As a pastor, it’s my job to pay attention
In the Mennonite tradition, we are all priests. But I still have a particular role to play.
“Ordination in the Mennonite church is awkward,” I recently told a woman discerning ordination. “It is strange to be a priest among priests.” My ordination confers few privileges and little standing. Mennonites are priests by nature of our baptism, and any other priest-by-baptism can preside over communion and preach—each according to their gift and calling within the body of the church.
For centuries, Mennonite pastors were chosen by lot or election from within their community. They pastored for a season before returning to other labors. More often than not, these men tacked the responsibilities of preaching and accountability onto their work of farming or carpentry or smelting. Early Anabaptists derived this practice from Acts, where the inner circle of Jesus’ followers is replenished after the betrayal of Judas.

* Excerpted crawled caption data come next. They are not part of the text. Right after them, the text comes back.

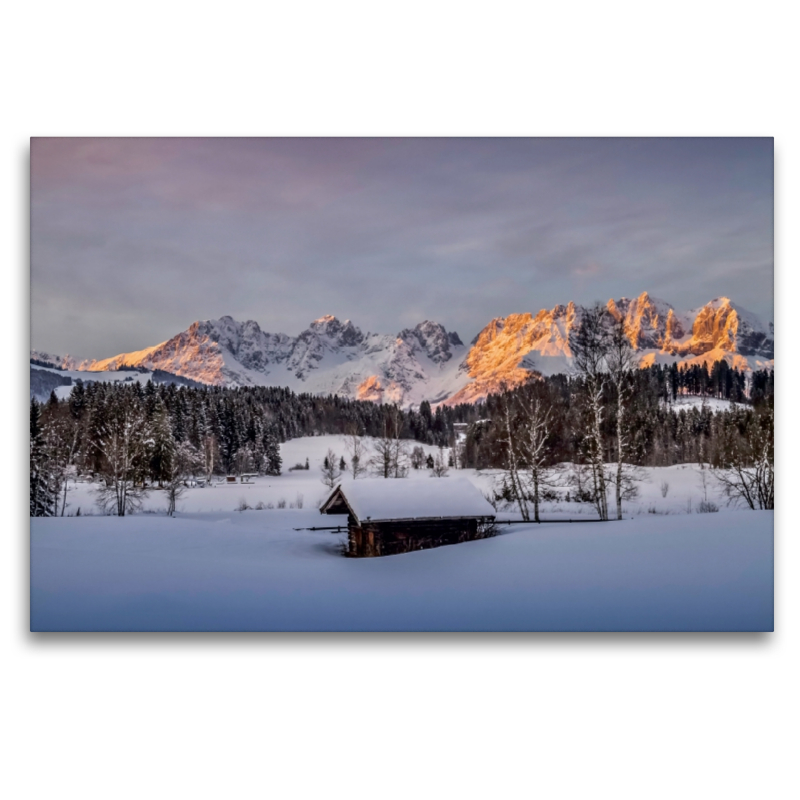 Alpenglühen im Dezember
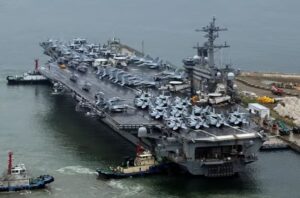 EE.UU. envió un portaaviones a Corea del Sur tras el acuerdo firmado entre Vladimir Putin y Kim Jong-un - AlbertoNews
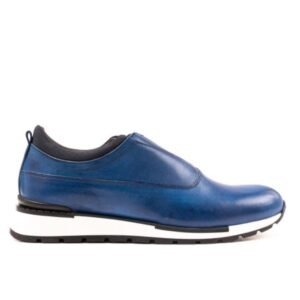 Chaussure Homme - Sneakers Casual-Bleu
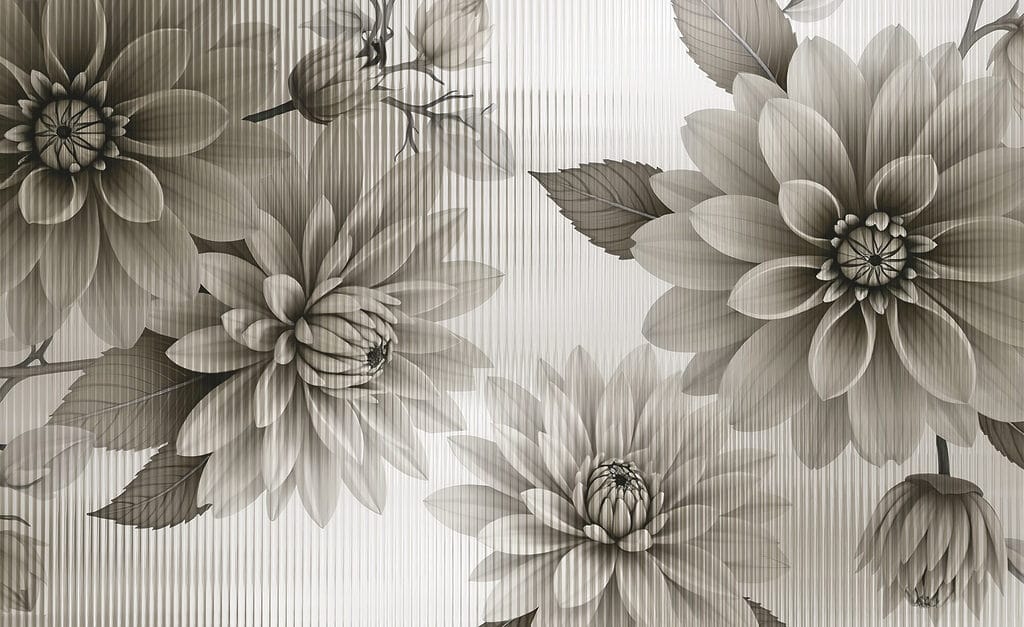 Design floral elegant în tonuri stinse Design floral elegant în tonuri stinse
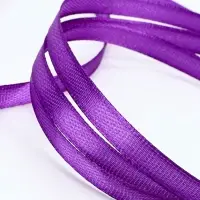 Лента атласная, 6 мм, 23&plusmn;1 м, фиолетовая №34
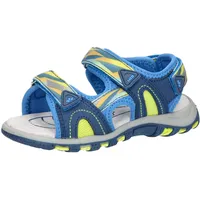 LICO Jungen Unisex Kinder Luca V Sandalen, Blau/Lemon, 26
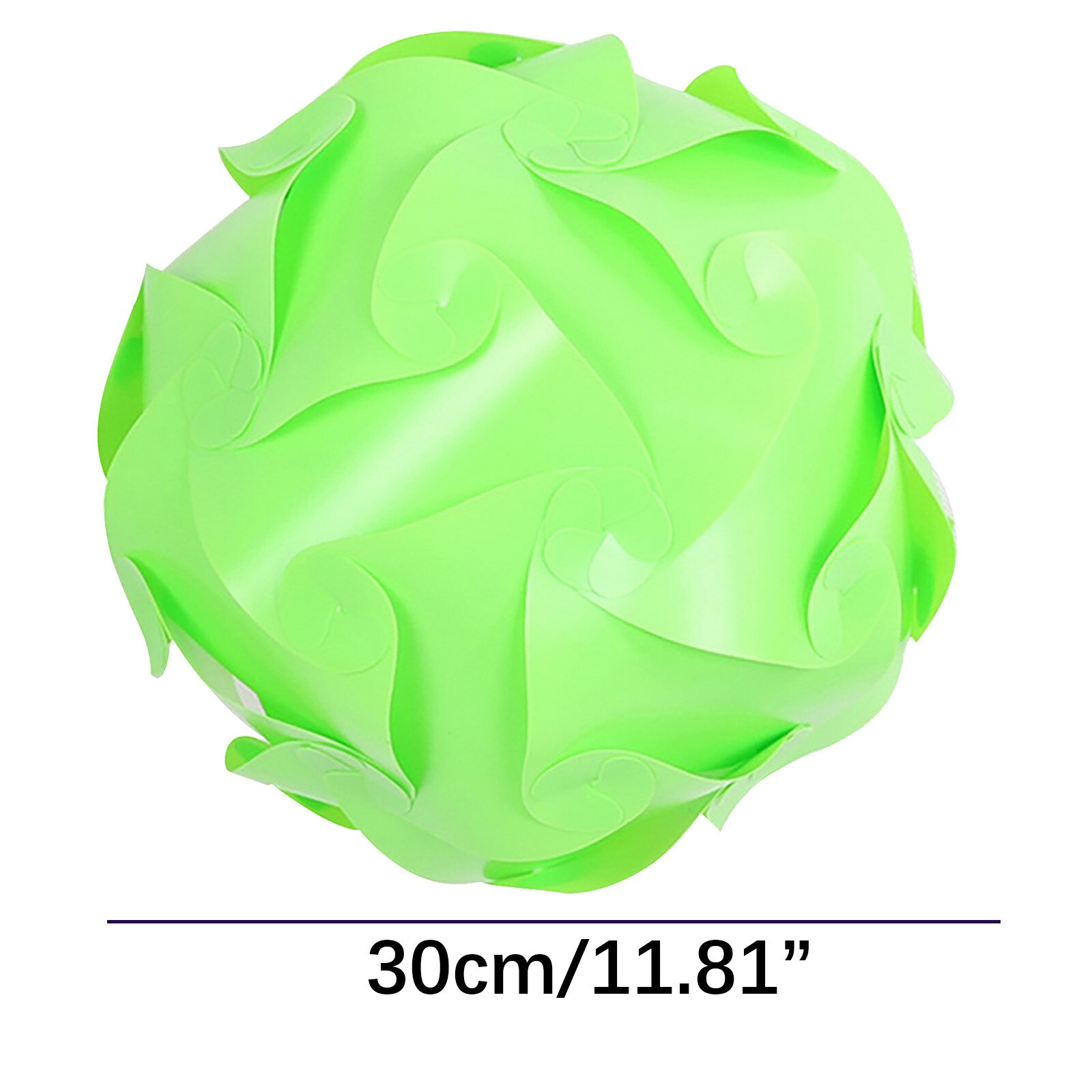 4# DIY Puzzle Lamp Shade Kit Decorative Protection Lampshade 30cm/11.8inch Modern Shades Bedroom Home Decoration Lamp Covers: Green 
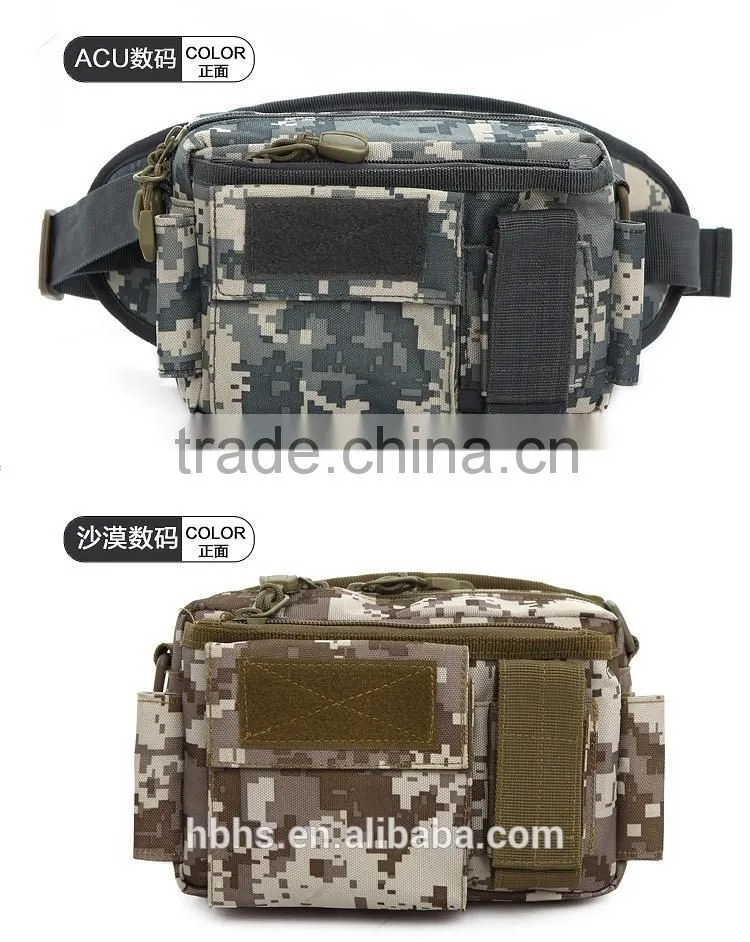 Canvas military small message sport waist bags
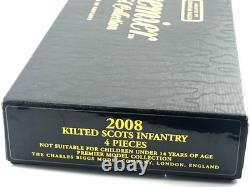 Britains Premier Biggs WW1 Kilted Scots Infantry 54mm Toy Soldier Set Boxed RARE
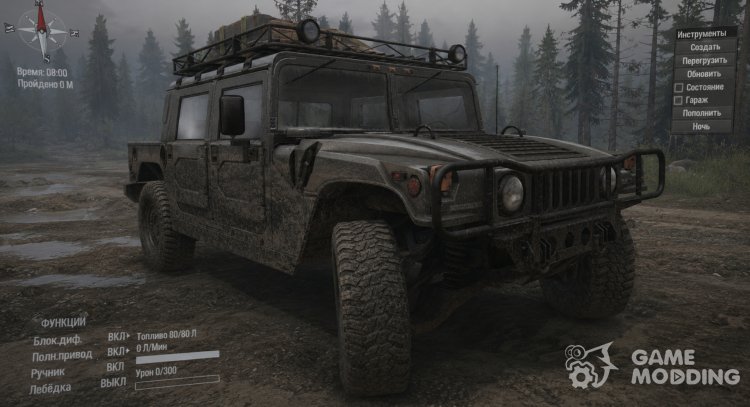 Hummer H1 for Spintires 2014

There’s an old story that in the 16th century, Anabaptists chose the least essential person in the community as their pastor. That way, when persecution came and the pastor was inevitably killed, the community wouldn’t lose an essential service like a cobbler or a mason. While I can’t establish the veracity of this story, I attend to its wisdom.
Even as Mennonites like me receive education in seminaries and are called by congregations in other places, I keep the vulnerability of my pastoral role close to me. I am nonessential personnel in the strictest sense, and while I’m sure my church would bristle at this description, it’s a truth that shapes my pastoral identity. Raleigh Mennonite Church has all the gifts it needs to proclaim the gospel in word and deed, to love one another and the world, to be the body of Jesus.
My congregation tasks me not with filling in the gaps for what they cannot do but instead with paying attention. I remember one Sunday when the lectionary sent me to the Gospel of Matthew, where Jesus encourages us to “consider the birds” (6:26). I took him at his word and spent time that week paying attention to birds. By the end of the week, I realized this exercise simply shifted the object of my regard. I pay attention for a living. To attend is to heed and to stretch. We stretch ourselves beyond what is readily perceptible. We await. We expect. There is something around the corner, and if we hold still and do not startle it, we might be in for a discovery.
So it is for the pastoral role. I collect stories, and I take out the trash when the task is overlooked. I give my unguarded curiosity to scripture and see what comes of it. I listen in prayer, stretching myself to heed what is hidden behind the noise and rush of the day. I remember when I first noticed Debbie’s pastoral gift as she offered empathic listening and calm hope to her fellow workers in the grocery department she managed. I told her what I noticed. This past spring, she graduated from seminary.
I often pay attention to what might be lost in the shuffle of survival. Who is struggling to pay their rent? Who is missing from worship for several weeks? Who has gone quiet in our meetings to discern God’s direction for our community? Who hasn’t heard recently that we are grateful that they lead worship or run our AV equipment? Who is angry and needs to be asked why? The work of attending fills my days. I have little time left to worry about the church’s survival or relevance.
The discipline of paying attention, and my attending anticlericalism, extend into works of justice and peace. As my attentiveness has grown, I’ve shied away from clergy-led organizing in favor of what the Black Lives Matter movement calls “leader-full movements.” I am already unrecognizable as a clergyperson in public gatherings. I have no stole, and I wear no collar or cassock. And while I’m often told that my visibility as a clergyperson provides a public moral voice, I’m aware that all around me are people who have kept communities alive and children safe for decades at a time.
During the Moral Monday movement in North Carolina, a speaker at a podium asked clergy to lead a crowd of hundreds into the state capitol. As I joined him at the front, I noticed who I was walking past. I passed a Black elder, a woman who has steadfastly advocated for her community for decades. I passed a local churchwoman who raised her own children and then raised her neighborhood’s children and grandchildren. I passed teachers, a social worker, and an immigration lawyer. What moral voice could I project that they hadn’t already displayed with their lives?
I recognized these faces in the crowd, I knew their commitments and their faith, because my calling as a pastor is to pay attention to them. I’ve witnessed these people show up to city council meetings strategically planned at a time when those opposing a zoning ordinance could not get off work. I’ve watched them leave groceries on stoops and organize the cleanup of the historically Black cemetery. Their attentiveness taught me how poverty and power are masked. From them I learned how to see what is hidden from view.
One of the most tender stories from the Desert Fathers concerns what is possible when we attend to one another in this way. Some older men go to see Abba Poeman, and they ask what they should do if they see a brother fall asleep during divine worship. “Should we wake him up?” they inquire. “As for me,” Abba Poeman replies, “when I see a brother who is falling asleep during the Office, I lay his head on my knees and let him rest.”
Attentiveness stretches toward care. We are tired and need rest. We are full of love, waiting for embrace. Ministry stops, holds, attends to all of it, the place where God is found.